━━━ Records provided

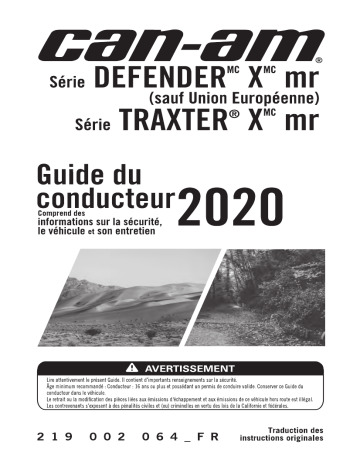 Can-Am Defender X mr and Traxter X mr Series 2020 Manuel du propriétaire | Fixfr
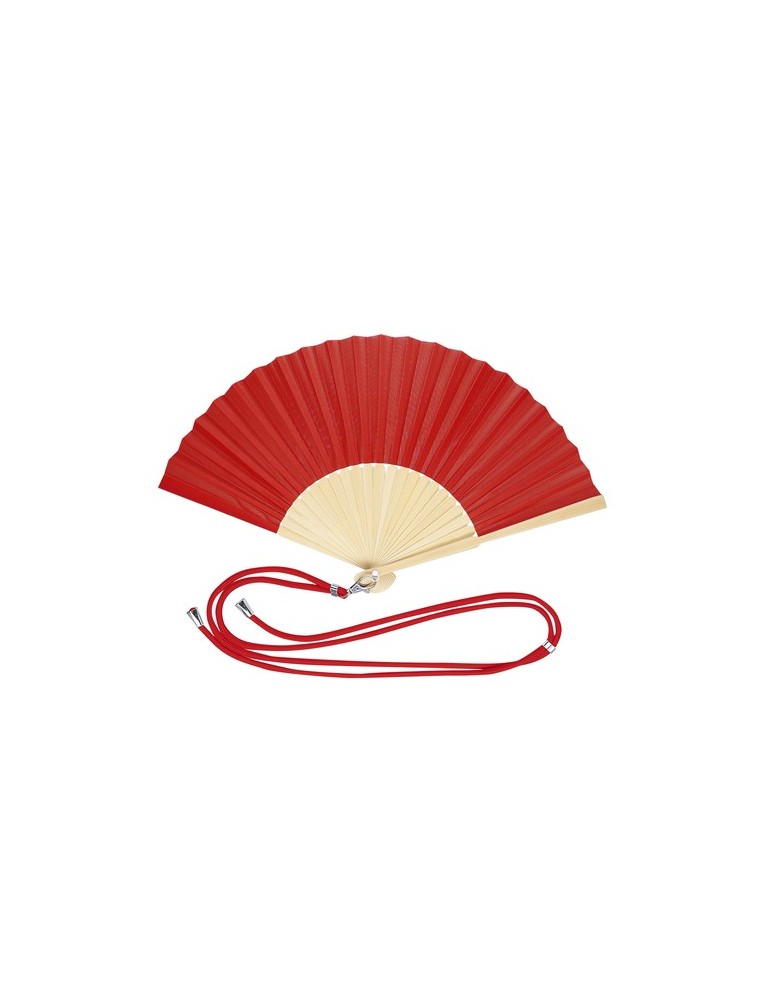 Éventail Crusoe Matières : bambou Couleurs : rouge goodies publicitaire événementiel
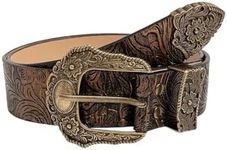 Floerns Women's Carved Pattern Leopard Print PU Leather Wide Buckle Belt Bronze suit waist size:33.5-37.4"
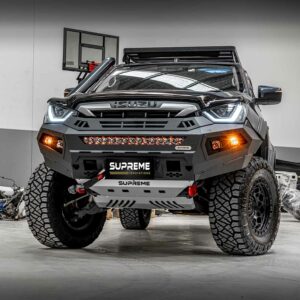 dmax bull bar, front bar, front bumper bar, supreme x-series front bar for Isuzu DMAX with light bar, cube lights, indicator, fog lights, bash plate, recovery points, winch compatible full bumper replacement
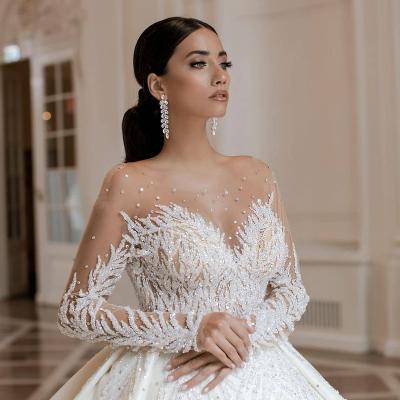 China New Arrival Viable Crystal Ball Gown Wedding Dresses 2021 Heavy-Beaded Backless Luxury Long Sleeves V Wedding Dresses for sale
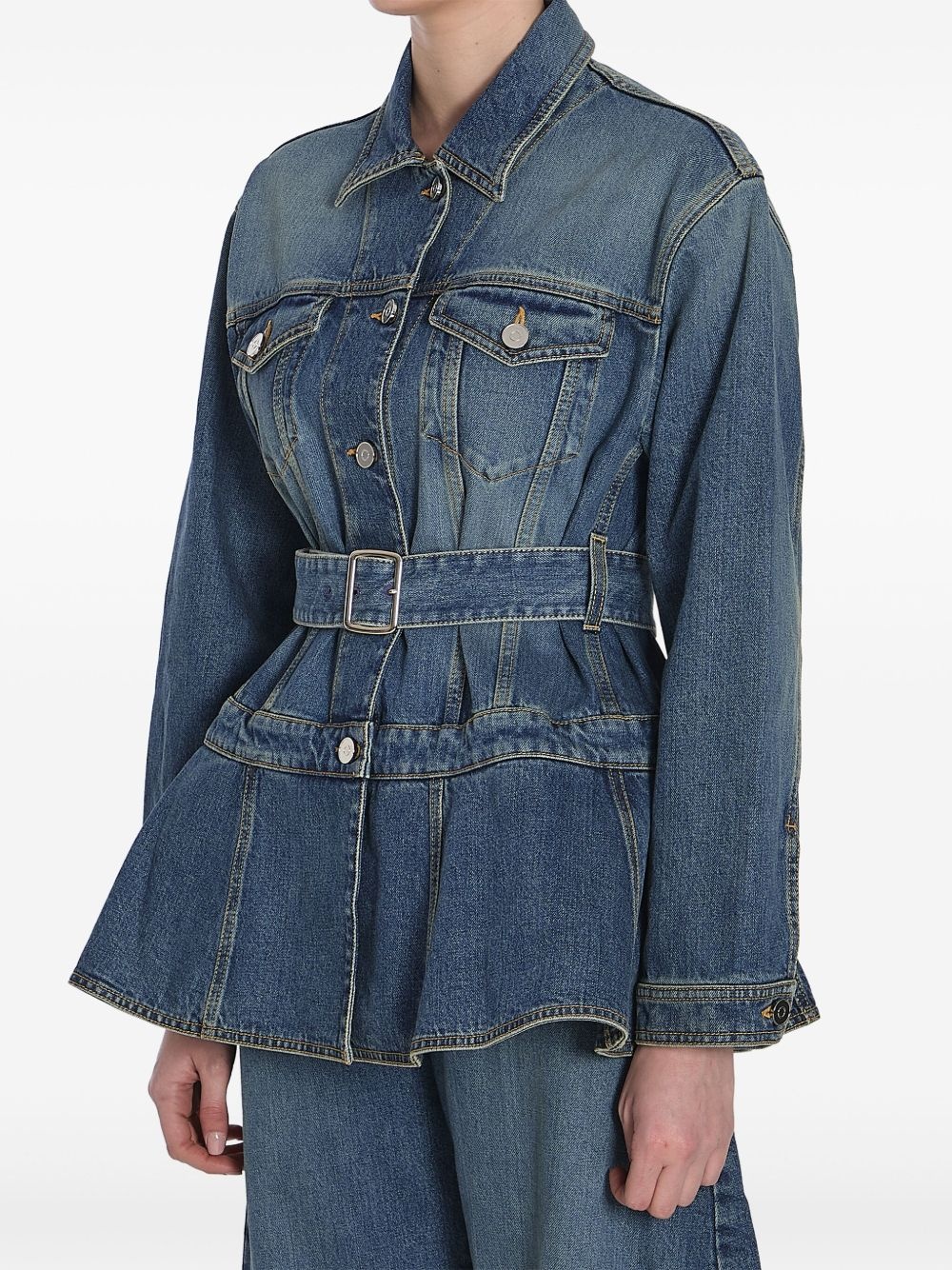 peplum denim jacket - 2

━━━━━━

Work request:
Except for pictures, copy the records above exactly.

Completed exercise:
 Can-Am Defender X mr and Traxter X mr Series 2020 Manuel du propriétaire | Fixfr
 Éventail Crusoe Matières : bambou Couleurs : rouge goodies publicitaire événementiel
 Floerns Women's Carved Pattern Leopard Print PU Leather Wide Buckle Belt Bronze suit waist size:33.5-37.4"
 dmax bull bar, front bar, front bumper bar, supreme x-series front bar for Isuzu DMAX with light bar, cube lights, indicator, fog lights, bash plate, recovery points, winch compatible full bumper replacement
 China New Arrival Viable Crystal Ball Gown Wedding Dresses 2021 Heavy-Beaded Backless Luxury Long Sleeves V Wedding Dresses for sale
 peplum denim jacket - 2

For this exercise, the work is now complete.